El pasado mes de enero, mientras el país retomaba su rutina y las conversaciones volvían a girar alrededor de los mismos temas de siempre, se cumplió un aniversario que pasó casi desapercibido. No hubo actos solemnes ni debates encendidos. Apenas alguna mención dispersa, perdida entre titulares fugaces. Sin embargo, lo que ocurrió hace catorce años, en enero de 2012, fue uno de los gestos más serios que ha hecho la República Dominicana consigo misma.

Ese mes, como pocas veces en nuestra historia reciente, el país se detuvo un instante y decidió pensar a largo plazo. No para resolver la urgencia del día, sino para responder una pregunta más exigente: qué nación queríamos ser y cómo sabríamos, con el paso del tiempo, si nos estábamos acercando o alejando de ese ideal. A ese acuerdo lo llamamos Estrategia Nacional de Desarrollo 2030. No fue un simple discurso ni una proclama electoral. Fue una decisión adulta: dejar de gobernarnos por impulsos y comenzar a gobernarnos por rumbo. El país se organizó entonces en torno a cuatro ejes estratégicos, diecinueve objetivos generales, cincuenta y siete objetivos específicos y cuatrocientas sesenta líneas estratégicas de acción que debían orientar coherentemente las políticas públicas, tal como recogen la Ley Orgánica No. 1-12 de la Estrategia Nacional de Desarrollo y sus instrumentos oficiales de planificación y seguimiento. Por eso siempre sostengo que la END no se limitó a describir un ideal abstracto de país; estableció también un marco técnico para evaluar, con indicadores y metas verificables, si realmente estábamos avanzando en la dirección que como nación decidimos trazar.
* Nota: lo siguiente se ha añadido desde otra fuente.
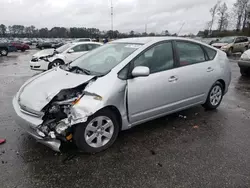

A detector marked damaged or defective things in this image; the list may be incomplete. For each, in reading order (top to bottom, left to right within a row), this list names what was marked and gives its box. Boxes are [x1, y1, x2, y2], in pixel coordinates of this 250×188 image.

crumpled hood [18, 67, 94, 111]
damaged bumper [12, 94, 61, 152] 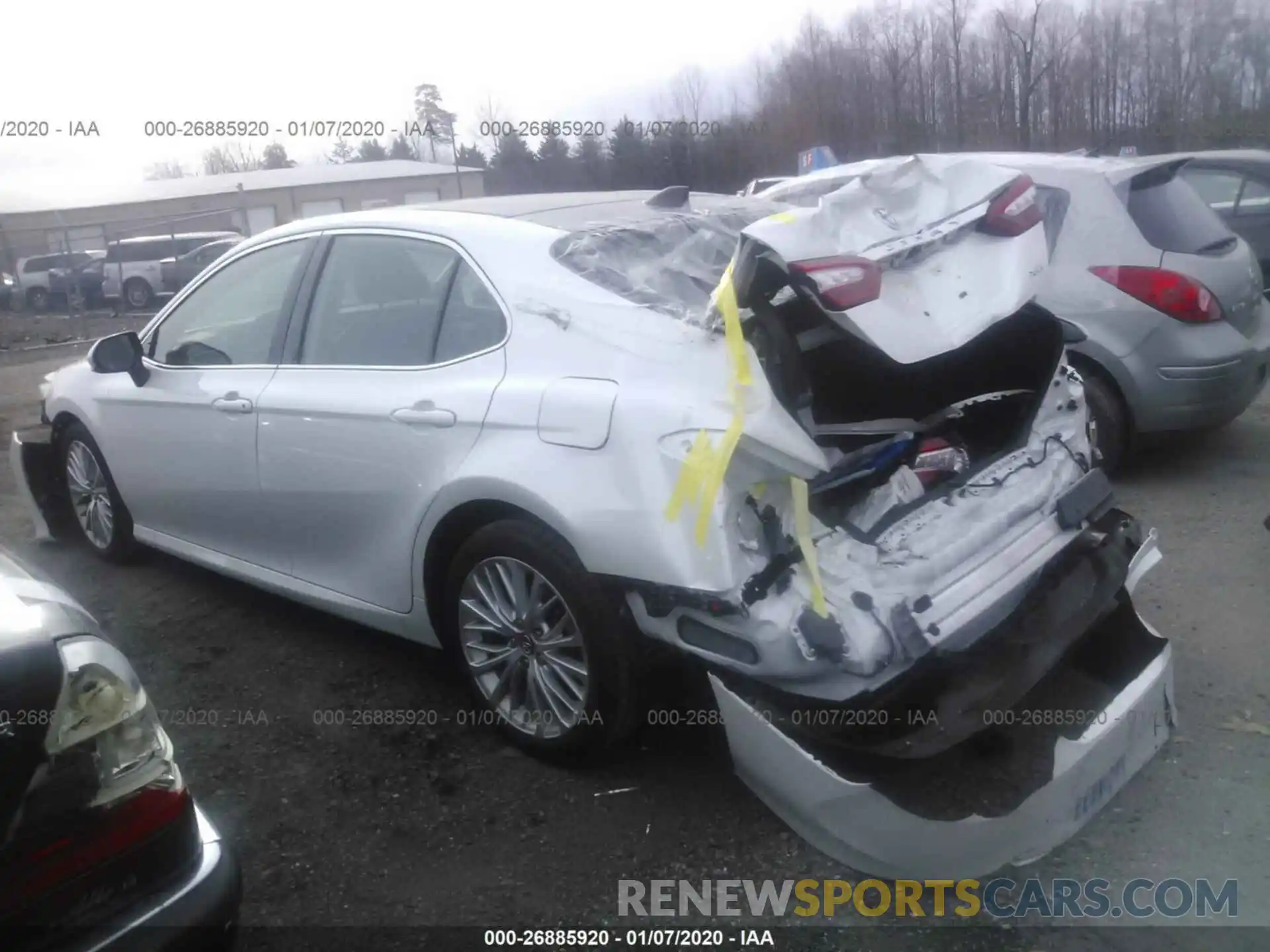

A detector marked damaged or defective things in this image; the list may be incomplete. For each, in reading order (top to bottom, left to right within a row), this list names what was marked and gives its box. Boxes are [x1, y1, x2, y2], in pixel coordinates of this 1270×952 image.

broken tail light [984, 177, 1042, 239]
broken tail light [783, 255, 884, 311]
broken tail light [1085, 264, 1228, 324]
detached bumper [10, 426, 60, 542]
severe rear damage [619, 156, 1175, 878]
detached bumper [709, 532, 1175, 883]
detached bumper [72, 804, 243, 952]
La ley que la sustenta no habla únicamente de crecimiento económico como mucho pudieran pensar; un país apoyado en instituciones firmes, en la cohesión social que evita que nos fragmentemos, en el respeto al territorio que habitamos y en una economía capaz de competir sin perder humanidad. Una República Dominicana que garantice derechos, oportunidades y bienestar a sus ciudadanos, midiendo ese avance con indicadores verificables y metas cuantificables. Esa misión nacional existe. Está escrita. Está publicada. Y sin embargo, muy pocos dominicanos podrían mencionarla.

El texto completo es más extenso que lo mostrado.